Por Marconi de Souza Reis
A história que publico hoje vai emocionar demais os brasileiros quando vier em formato de romance ou cinema. É dramática, trágica, lírica, romântica e até épica. Trarei hoje apenas uma sinopse, a espinha dorsal, e desde já agradeço à família por me confiar ser o escritor desse enredo mítico. Sigam-me:
José Augusto Carvalho de Araújo, filho de uma família da alta sociedade baiana, veio ao mundo rompendo relações com o próprio pai desde o berço.
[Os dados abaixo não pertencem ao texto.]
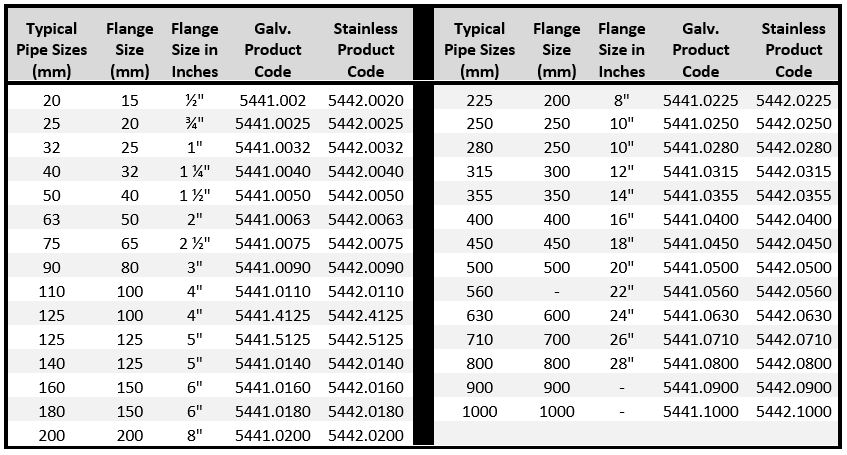 Backing Ring Flanges Available Sizes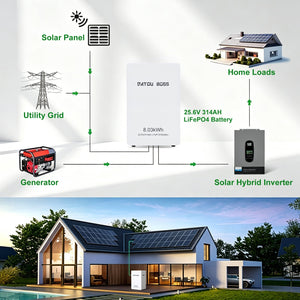 DATOUBOSS 24V 3300W Hybrid Solar Inverter + 8kWh 314Ah LiFePO4 Battery (150A BMS), 150A MPPT, Battery-Free Operation, 24V DC to 120V AC for Home Backup & Off-Grid Systems - DATOUBOSSSP-DT-24314-2433U-US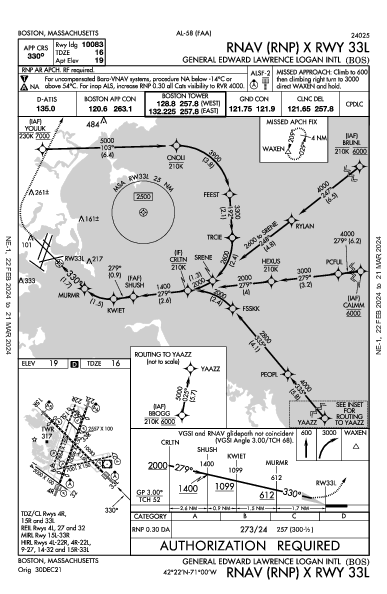 ジェネラル・エドワード・ローレンス・ローガン国際空港 Boston, MA (KBOS): RNAV (RNP) X RWY 33L (IAP)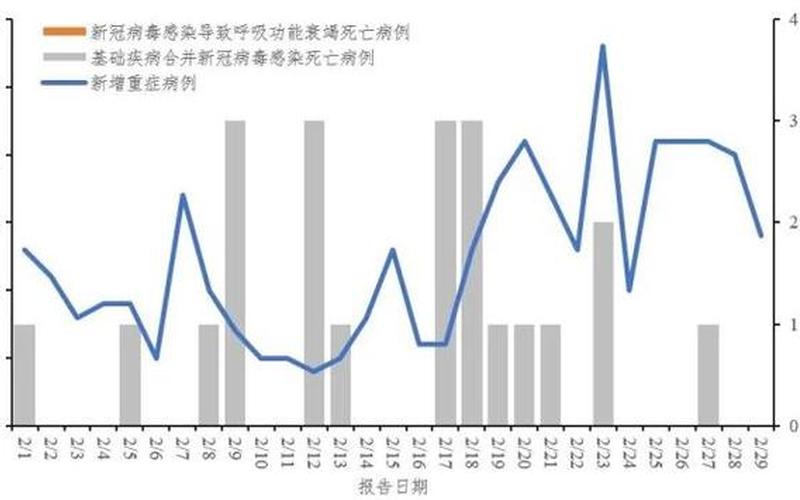 2022年美国疫情影响，2020江苏流感疫情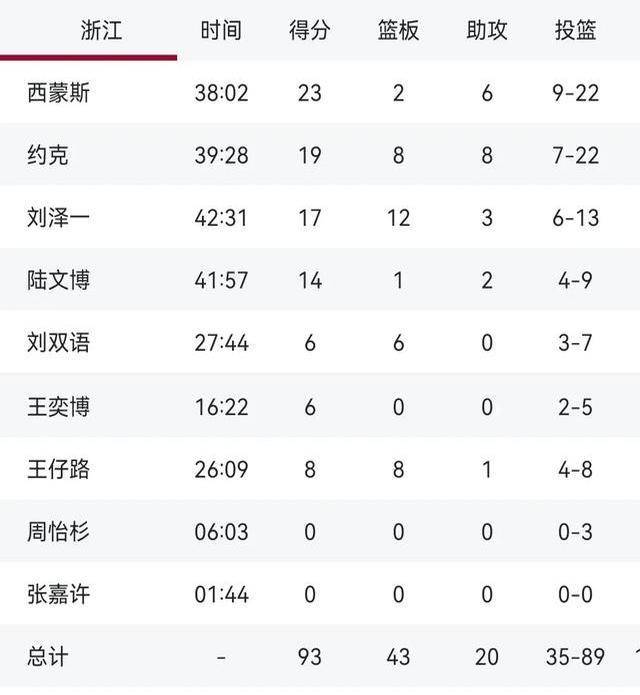 浙江男篮遭遇福建逆转，排名持续下滑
Por ter sido a razão da morte da mãe durante o parto, seu pai, Joaquim Bahia Araújo, o rejeitou, e ele foi criado por um tio paterno, Zé Maria Araújo, e sua esposa, dona Noêmia.
O garoto teve acesso à educação de qualidade com os tios, visto que estudou no Colégio Antonio Vieira. Mas, ainda menino, passava também semanas morando no terreiro de mãe Menininha do Gantois, para que Zé Maria e dona Noêmia pudessem viajar mundo afora. Como se vê, mítico desde o começo…
Acontece que José Augusto dedicou-se aos estudos e, ainda muito jovem, ingressou por concurso público na Petrobras. Além disso, tornou-se colaborador do Jornal A Tarde, onde escrevia, diagramava e editava reportagens. Era final da década de 1950, época de explosão do petróleo baiano.
No início dos anos 60, José Augusto interessou-se pela política e tornou-se militante de esquerda. Candidatou-se a deputado e, num de seus discursos, no município de Candeias, conheceu Maria Neide, que morava numa fazenda na distante Conceição do Coité. Ela estava ali de veraneio com a família.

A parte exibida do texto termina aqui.